Et si la société de consommation prenait racine dans l’histoire des mouvements littéraires, et plus particulièrement dans le romantisme ? Cette thèse très originale a été développée de manière très convaincante par le sociologue anglais Colin Campbell. Certes il ne s’agit pas d’un romantisme de pacotille, celui inventé par le marketing, qui s’incarnerait dans les codes du dîner aux chandelles, de la balade en gondole ou du bouquet de roses rouges ! Il est plutôt question d’un mouvement littéraire qui a considérablement affecté la sensibilité européenne à partir du XVIIIème siècle. Le romantisme est lié à l’essor du sentimentalisme, pratique consistant à cultiver et exprimer l’émotion pour elle-même. C’est d’ailleurs ce sentimentalisme qui a contribué à justifier l’amour entre deux êtres comme raison suffisante pour le mariage.
Le romantisme consiste en fait selon Campbell à s’opposer aux systèmes rigides pour valoriser l’impulsion vers le chaos, la rébellion, le désordre, la créativité et l’imagination, qui sont perçus comme autant d’expressions d’un soi libéré des contraintes extérieures. Le romantisme s’appuie d’ailleurs sur l’invention moderne de l’intériorité et sur la valorisation de l’émotion comme expression de cette intériorité. Cela explique en grande partie pourquoi nous vivons aujourd’hui dans un capitalisme émotionnel.
Face à l’égoïsme calculateur qu’emblématise l’homo consumans forgé par l’économie, le romantisme valorise le plaisir, la jouissance, l’évasion, la fantaisie, la mélancolie, mais aussi l’irrationnel, l’étrange, le curieux et surtout la quête du nouveau.
En valorisant le nouveau, la création, l’expression de l’affect et en s’opposant aux conventions et aux règles sociales et morales issues du passé, l’éthique romantique a contribué à légitimer le consumérisme, érigeant ainsi la consommation en ethos social dominant. C’est cette éthique romantique qui a permis à la consommation d’être mise au service de l’expressivité et de la réalisation du soi.

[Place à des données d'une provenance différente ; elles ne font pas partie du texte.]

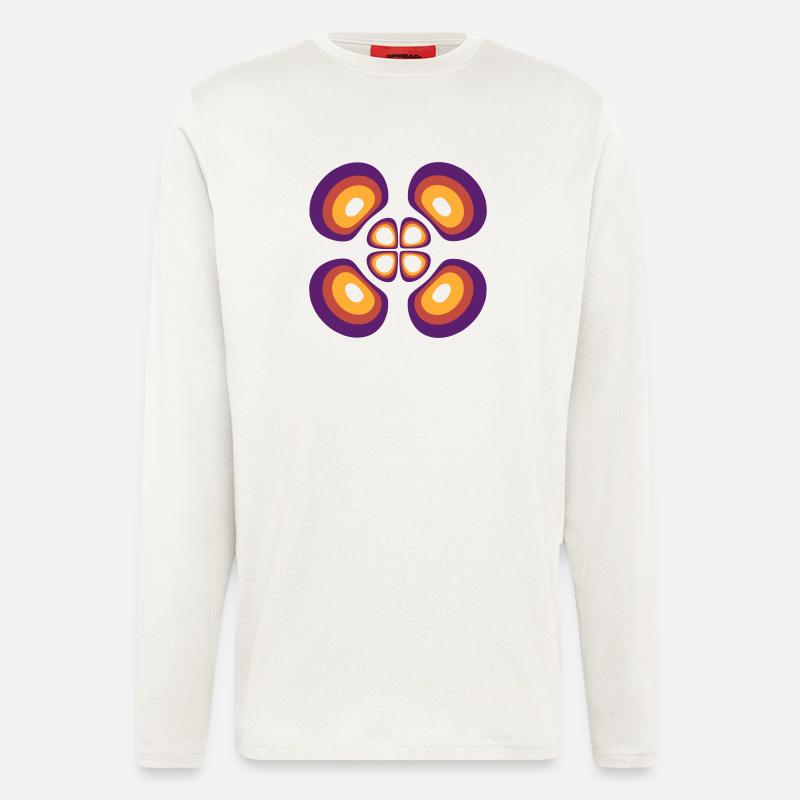 Wahrscheinlichkeitsdichte Wasserstoffatom (4,2,1) - Langarmshirt - made by SPREAD  - OFF WHITE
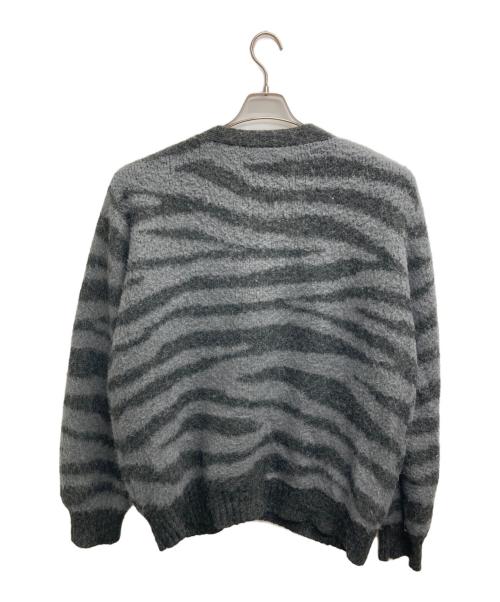Schott（ショット）Schott (ショット) MOHAR ZEBRA CARDIGAN グレー サイズ:Lの古着・服飾アイテム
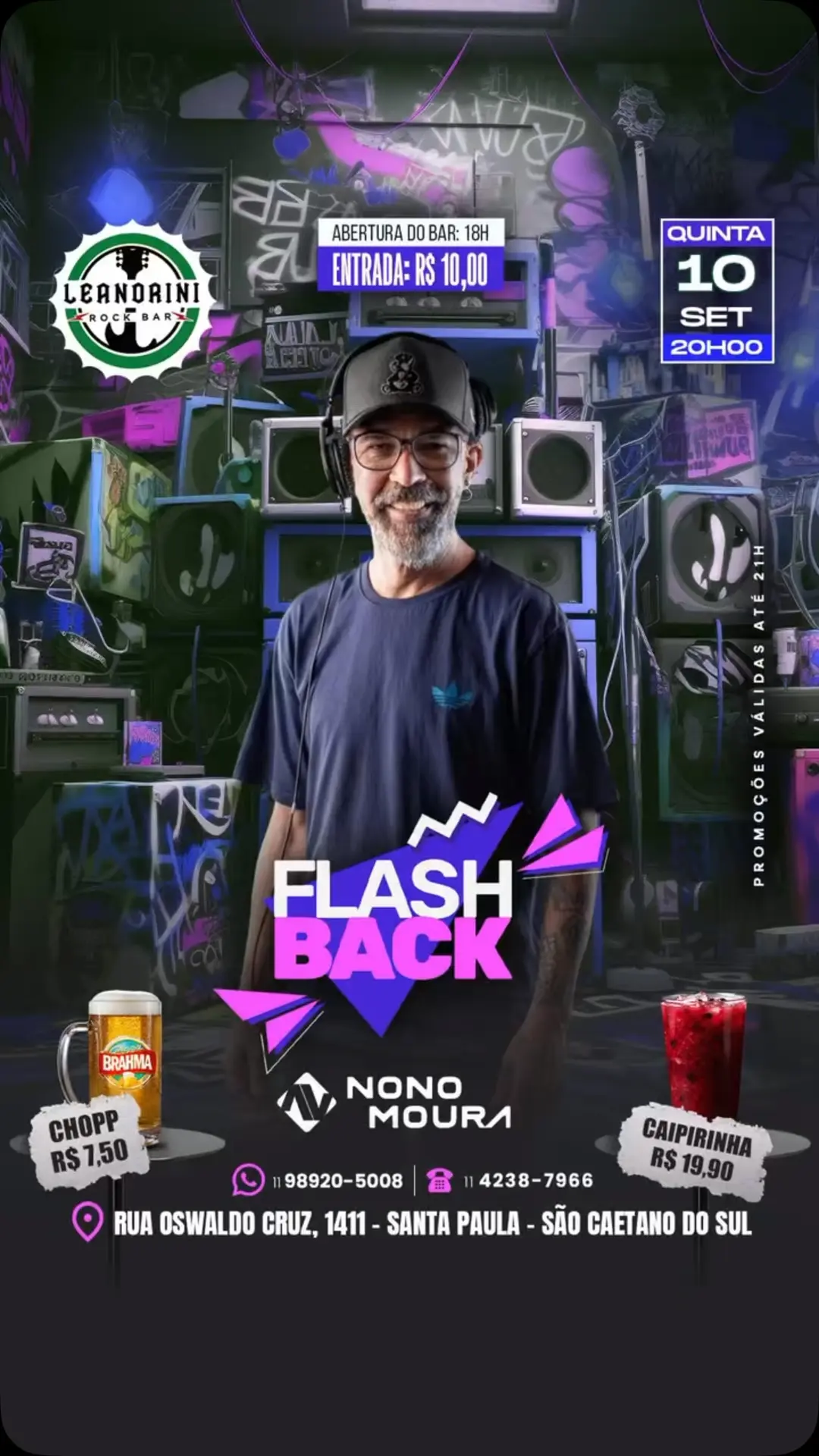 Flyer de Nonô Moura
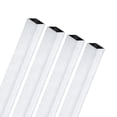 thumbnail image 1 of Tubo cuadrado de aluminio 6063 de 300 mm en paquete de 4, 10x10 mm de ancho exterior, 1 mm de grosor de pared, tubería de aluminio sin costura para construcción de marcos, 1 of 6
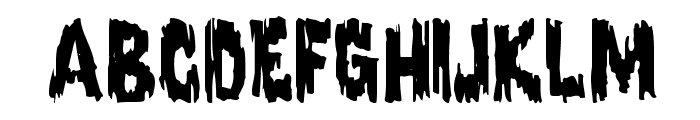 Karloff Regular Font UPPERCASE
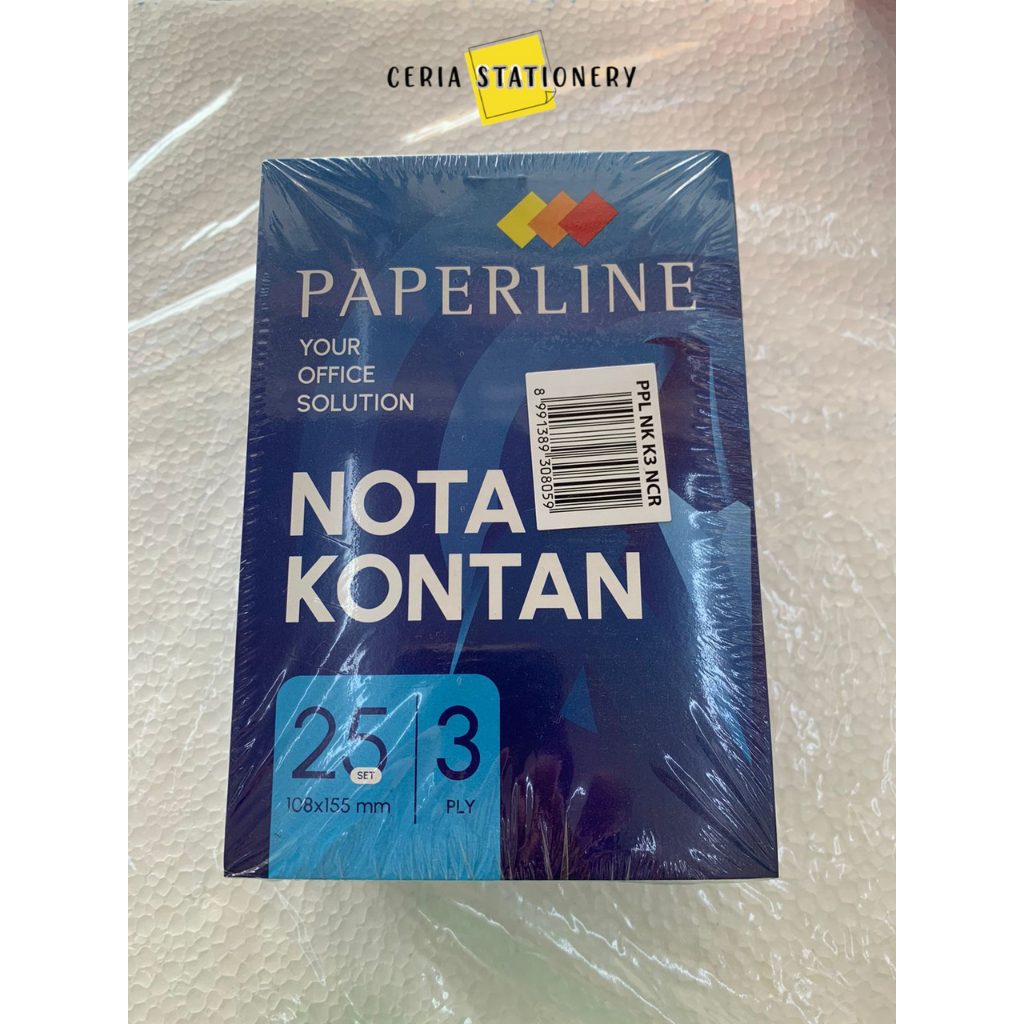 

Nota Kontan 3 Ply Paperline / PPL NK K3 NCR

Mais il est important de comprendre que l’éthique romantique ne fait pas que la promotion de la création et de la nouveauté. La capacité ainsi offerte aux individus d’exprimer leur identité grâce à la marchandise incarne un hédonisme que l’on peut qualifier d’imaginatif. L’être romantique se caractérise pour Campbell par sa capacité à retirer du plaisir d’expériences imaginaires. C’est donc la rêverie qui est à l’origine du plaisir. Et le fait même de désirer devient une activité agréable. A tel point que le désir se substitue au fait d’avoir, il devient l’objet même de la quête de plaisir. Ce ne sont donc pas les produits qui apportent de la satisfaction au consommateur, mais un plaisir tiré d’expériences illusoires et des images qui leur sont associées. Ce plaisir imaginatif nous fait comprendre pourquoi l’image des produits et des marques est en fait beaucoup plus importante que le produit lui-même. Consommer signifie alors jouir davantage des images que des objets. Voici pourquoi la société de consommation est en fait une société des images.